This document describes the technical architecture and implementation details of Gigaflow.
Gigaflow Architecture
Gigaflow is built as a caching sub-system in the Open vSwitch.
Gigaflow cache in the Open vSwitch (OVS)
The input packet that misses the cache is sent to the userspace where its flow is extracted (header field set).
The flow passes through the vSwitch pipeline and its traversal is collected.
Then, the travesal mapper, based on disjointedness, captures pipeline-aware locality from this traversal and suggests suitable sub-traversals to be cached.

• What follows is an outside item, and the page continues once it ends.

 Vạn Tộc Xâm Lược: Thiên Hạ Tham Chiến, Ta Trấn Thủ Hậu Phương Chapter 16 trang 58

Finally, Longest Traversal Matching (LTM) cache entries are generated and installed into the Gigaflow table.
Pipeline-Aware Locality
The following figure shows an example of how pipeline-aware locality captures unseen traversals by caching shared sub-traversals. We smartly partition the traversal and determine suitable sub-traversals that have a high likelihood of being reused in the future by other flows.
An example of Gigaflow cache in action with three packets
Disjointedness Property
Capturing pipeline-Aware locality is expensive (see the paper) but we observe the following: disjoint sub-traversals maximize the cross-product rule space in Gigaflow tables. We implement a dynamic program to find disjoint sub-traversals in a given traversal and this algorithm processes the traversal of each cache miss without looking at how previous cache entries were generated.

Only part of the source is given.